Consumers are bombarded with advertising messages each day, from the time they get up until the moment they close their eyes at night. It’s physically impossible to pay attention to every message you’re exposed to. Out of necessity — if not to preserve your sanity — you have to ignore most of the messages you hear and see.
This is true even when you have a relationship with the person or company sending the message. At most, prospects give messages a three-second glance before hitting the delete key or tossing it in the trash.

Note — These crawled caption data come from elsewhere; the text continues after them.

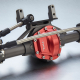 Robitronic - Antriebseinheit Vorne komplett V2 f&uuml;r Axial SCX10 Rot (TC1507-21T)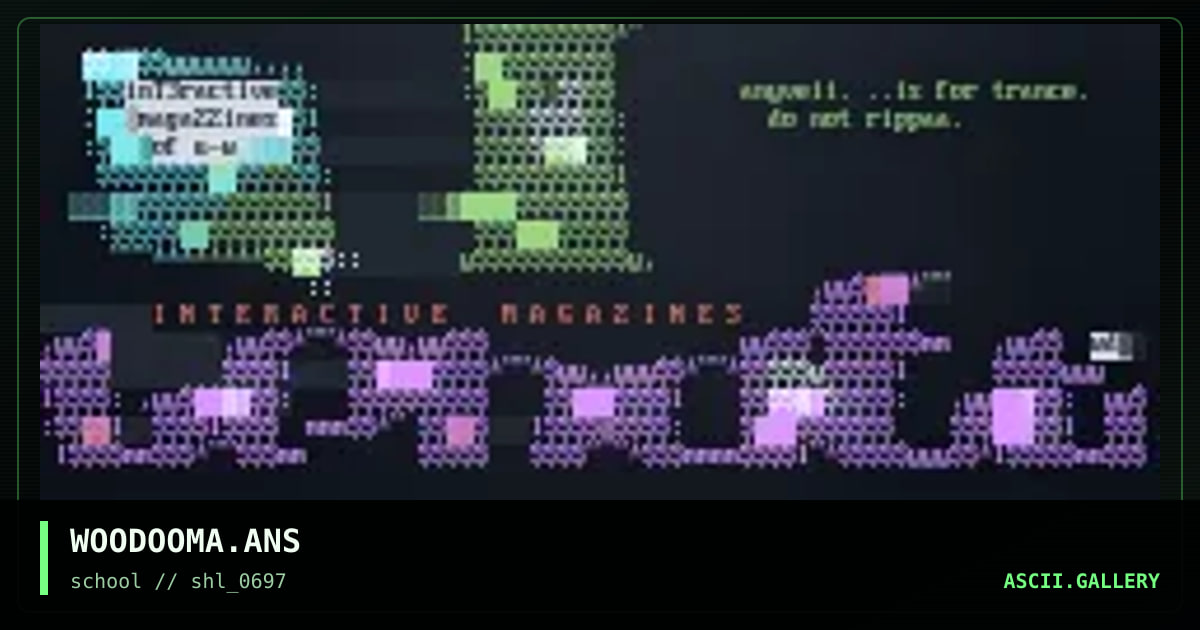 interactivee magazinee, by woodoo, 1997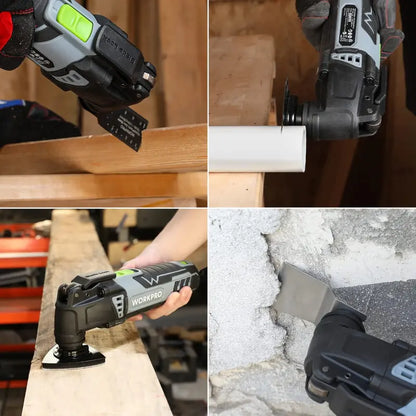 WORKPRO 3-Amp Oscillating Multi-Tool  Quick-Lock Design, 7 Speeds, 3° Oscillation, 17 Accessories + Carry Bag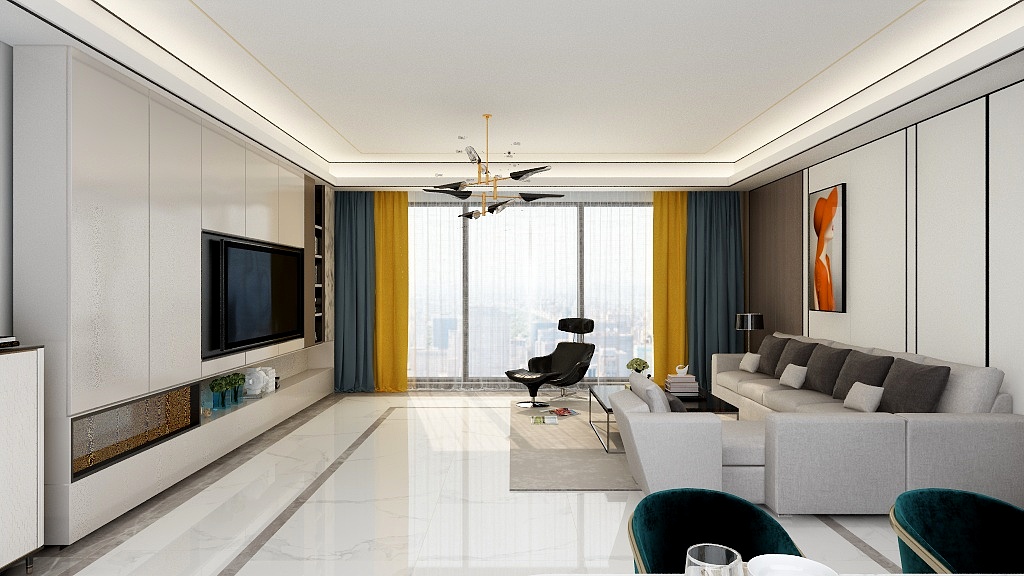 JHDesiging设计工作室-轻奢客餐厅-装修设计方案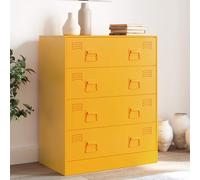 vidaXL Sideboard Mustard Yellow 67x39x83 cm Steel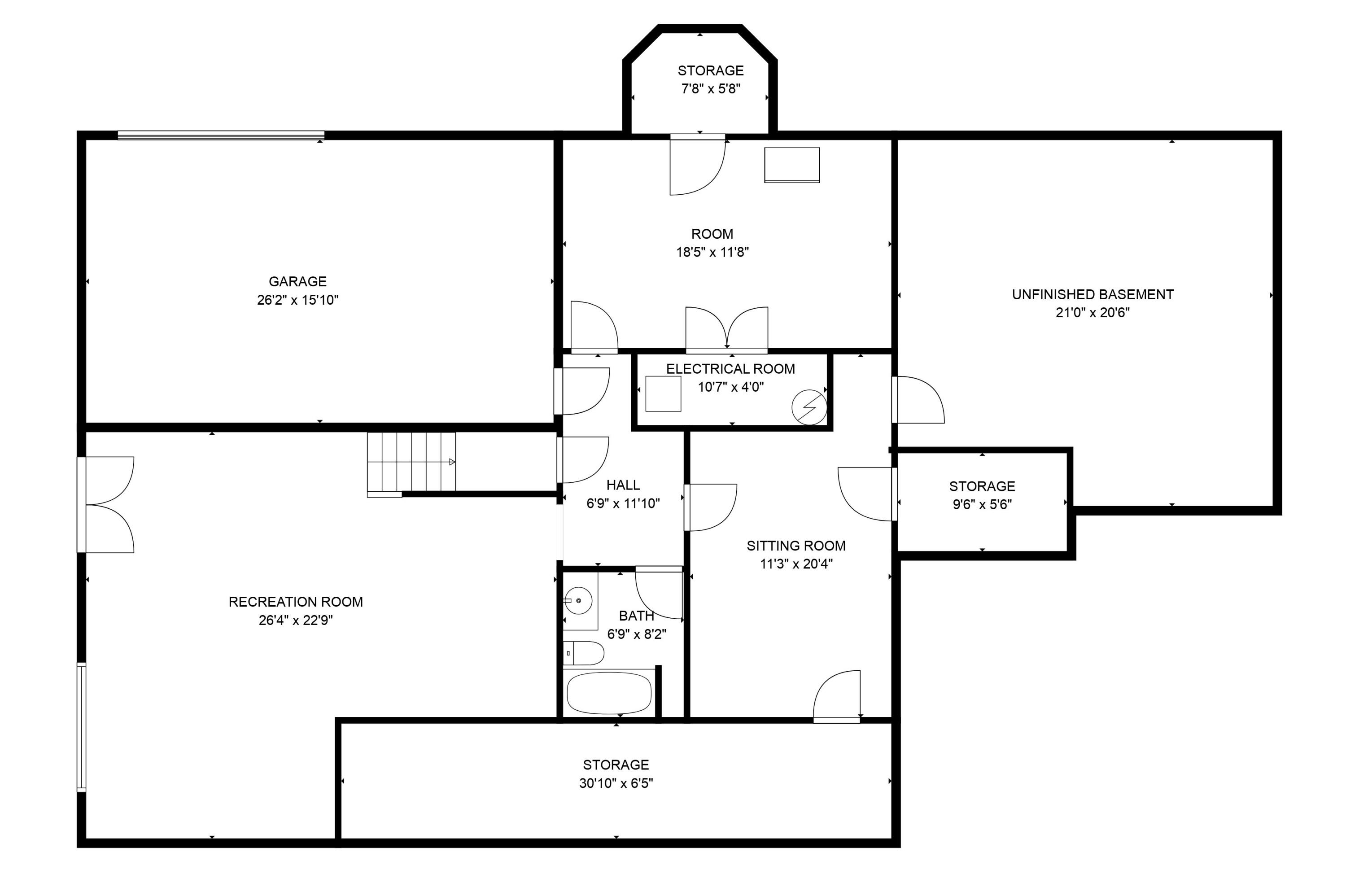 164 Ridgeview Road Danville, KY 40422 - Photo 51 of 51 Bsmt floor plan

As a result, there are huge portions of your list that only vaguely aware that you’re offering a seminar. Because they’ve been ignoring your messages, they simply aren’t aware of what you’re promoting or of what a tremendous value it is.
#2 Lack of trust
Attending an event is a big commitment. When promoting your seminars, not only are you asking prospects to spend their money, you’re asking them to invest their time with you. This is by far the toughest sale.
If prospects are unsure about your qualifications, unfamiliar with your work, or don’t fully understand how your seminar will help them, they won’t see your seminar as a smart investment of their time.
One way to overcome these two obstacles is by strengthening your seminar marketing materials and plan.
From a content perspective, you can make sure that your copy fully describes what attendees will learn, how they’ll benefit, and what problems you’ll help them solve.
From a planning perspective, you can contact prospects more often and with a wider variety of marketing tools to break through the clutter.
But there’s an easier way to build trust and awareness: Publish a newsletter or e-zine.
Newsletter marketing offers 3 key benefits:
- You can demonstrate your expertise. For greatest effect, your newsletter should include helpful information, not just promotions. The more valuable the information, the more likely it is that prospects will hold onto your newsletter and refer to it when they are actively seeking the solution you offer.
- You can fly below your prospects’ marketing “radar” when promoting your events and products. Because the thrust of your newsletter is education, prospects are more likely to open and read it. When you slip in mentions of your event, readers won’t be as resistant to your message. In fact, providing valuable articles can whet prospects’ thirst for more information … making them more receptive to whatever marketing message you put after your article.
- You become a welcome guest. Providing quality content builds trust with your audience. When they get used to receive interesting, valuable information from you, they’ll be more likely to welcome and open your other messages, including promotions for your events.
Another reason you should publish newsletters? It’s a great way to force yourself to regularly create content for a blog or articles to distribute via online directories. Repackage your content for these alternate forms of distribution, and you’ll raise your visibility and SEO rankings, as well.